A Whole Month
All of my pay stubs say that this year I've been working 100+ hrs each pay period (2 weeks). Last year, I was hitting 60-90 hours each pay period. Somehow, this year I'm working more while doing more. I've started to go to class regularly again. Sparring, rolling, training. I'm back into a kettlebell routine as well. My chaotic life is slowly finding a balance... with some sacrifices.
I'm not able to "play". I rarely have time to paint anymore or do game sessions with my dad or friends. Usually a deviation from the schedule I've got wrecks my mind and body. But, I'm getting better at going right back to my routine. So I'm doing all of this for a reason right? Normally, I'd go on a rant about my plan and what it is. I'd beat the dead horse some more, saying what I'll do in order to achieve this goal. Stepping back from the foul smelling corpse that is my plan, I don't think there is a plan anymore. It's just been me beating the ground, making myself exhausted.
Of course, I still have things I want to do. (Lots of things) Those hundreds of hours into my job, the many months that have past by in a blur due to work, injury, sadness, and exhaustion; all make me wonder if the way I'm achieving my goal is worth it?
Let's remind ourselves of what my goal is:
To become a Warrior Monk
To be a fighter (Compete in Thailand and the USA)

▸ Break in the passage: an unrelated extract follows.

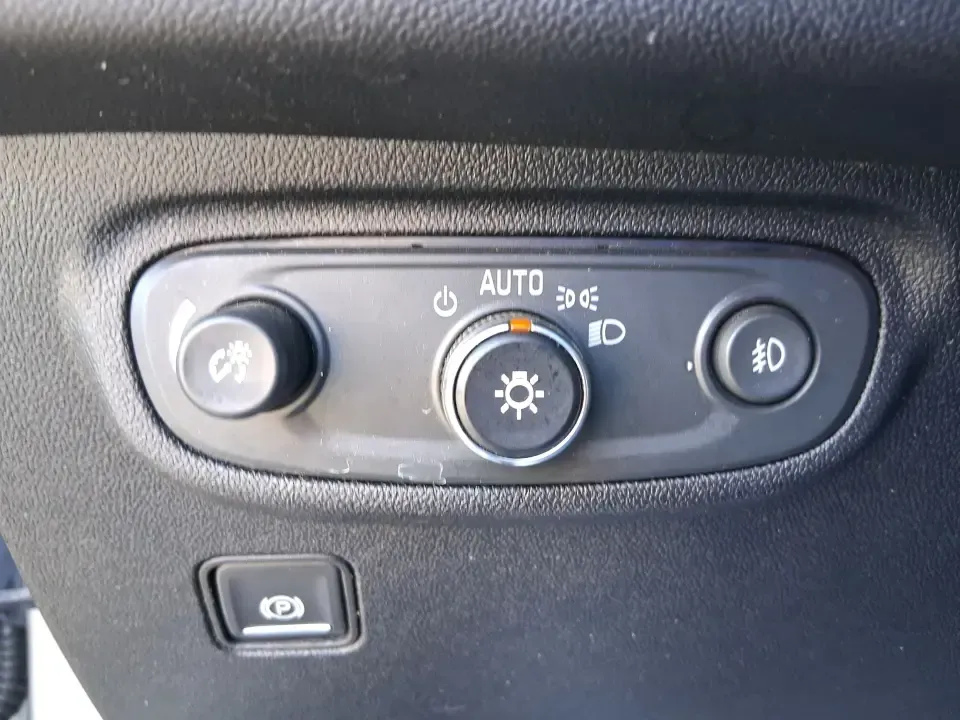 2019 GMC Terrain SLT (3GKALVEV0KL) with an 1.4L L4 DOHC 16V TURBO engine, 6A transmission, located at 1230 East Main St, Xenia, OH, 45385, (937) 908-9800, 39.688026, -83.910172 - Picture your next week: smooth morning commutes down US-35, a quick run to The Greene for errands, then a Saturday escape to John Bryan State Park with the family and gear in tow. This 2019 GMC Terrain SLT is built for that real-life rhythm-comfortable, confident in changing Ohio weather, and sized - Photo#16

To go to college abroad (to see a new culture, learn a new language)
Open my own gym/dojo/temple (Once I'm ready to settle down)
Those are my goals simplified. There are many other small things I want to do in life but the ones listed above are the "BIG ONES".
The difficulties I'm facing on the road to these goals are mostly in my head, so I don't really talk about them much. There are other boring challenges like work and health that I don't think people would be bothered to read so I don't write those either.
Just wanted to pop in and say that the jounrey is still going. I've just hit some bumps in the road that need to be gone over.